The basic gist of his talk was that there are too many abstraction layers in a modern database and they don't communicate well enough, hurting possible performance.
Instead of DB : Disk, as it was more in the past, we now have DB : OS : Controller : Disk. And each layer does its own caching, scheduling, etc, often accidentally hurting another layer.
So he started off simply showing how Linux and a single disk reacts (both latency and throughput) in both sequential and random IO for everywhere from 0 to 4k outstanding requests. (using Linux async IO)
The results, as you might imagine, are:
Sequential: constant throughput, regardless of outstanding requests, but increasing latency with more requests
Random: throughput increase with more outstanding requests, also with latency increasing as well. (and quite a bit more)

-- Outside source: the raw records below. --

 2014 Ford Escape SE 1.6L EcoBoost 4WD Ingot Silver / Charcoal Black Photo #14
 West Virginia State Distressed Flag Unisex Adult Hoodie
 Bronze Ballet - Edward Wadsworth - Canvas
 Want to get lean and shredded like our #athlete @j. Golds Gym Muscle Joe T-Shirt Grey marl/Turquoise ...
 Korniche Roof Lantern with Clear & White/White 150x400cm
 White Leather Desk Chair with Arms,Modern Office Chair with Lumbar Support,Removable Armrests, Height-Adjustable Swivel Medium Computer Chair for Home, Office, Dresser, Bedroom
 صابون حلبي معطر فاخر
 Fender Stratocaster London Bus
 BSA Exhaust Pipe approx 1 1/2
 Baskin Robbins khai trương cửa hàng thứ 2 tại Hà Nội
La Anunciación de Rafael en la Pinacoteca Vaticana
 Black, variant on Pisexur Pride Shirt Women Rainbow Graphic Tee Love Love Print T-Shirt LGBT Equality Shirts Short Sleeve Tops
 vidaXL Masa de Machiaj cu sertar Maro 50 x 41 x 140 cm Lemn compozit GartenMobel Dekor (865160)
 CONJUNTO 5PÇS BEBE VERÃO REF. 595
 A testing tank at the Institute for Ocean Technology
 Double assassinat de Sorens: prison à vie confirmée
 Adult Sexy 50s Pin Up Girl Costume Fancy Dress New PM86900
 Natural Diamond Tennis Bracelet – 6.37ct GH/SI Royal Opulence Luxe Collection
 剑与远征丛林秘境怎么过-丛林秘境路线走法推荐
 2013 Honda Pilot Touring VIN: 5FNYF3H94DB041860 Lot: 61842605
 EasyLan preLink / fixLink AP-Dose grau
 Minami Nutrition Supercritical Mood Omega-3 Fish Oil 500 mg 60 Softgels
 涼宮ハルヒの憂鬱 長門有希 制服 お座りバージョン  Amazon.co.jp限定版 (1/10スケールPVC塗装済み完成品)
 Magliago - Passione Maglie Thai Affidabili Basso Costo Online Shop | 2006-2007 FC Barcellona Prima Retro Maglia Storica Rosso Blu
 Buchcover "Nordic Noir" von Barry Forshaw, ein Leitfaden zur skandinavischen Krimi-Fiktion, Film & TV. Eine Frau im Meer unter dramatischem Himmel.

So there's a sweetspot where you can get better throughput without unacceptable latency. The key is keeping enough outstanding requests such that the operating system's block scheduler (which has a halfway accurate view of the disk geometry), that it can make smart batching decisions.
Next he analyzed MySQL (InnoDB) vs Oracle and showed that InnoDB wasn't aggressive enough at submitting IO to the operating system to keep it busy to always utilize the disk. (often the disk was doing nothing)
So how to improve InnoDB? The places where InnoDB writes:
-- synchronous requests: log writes (sequential) on transaction commit
-- async writes on page writeback.
But, if writeback were more aggresive, it'd increase latency on the synchronous log writes.
In conclusion, he's working to bring back IO priorities, which used to exist in mainframe days (and are in the POSIX async IO interfaces) but are unused in Linux. So he's modifying Linux 2.6's deadline scheduler and making the different async IO priorites have different deadlines, then making InnoDB write more aggresively, but having the async page writeback threads submit low priority IO.
Fucking cool, eh?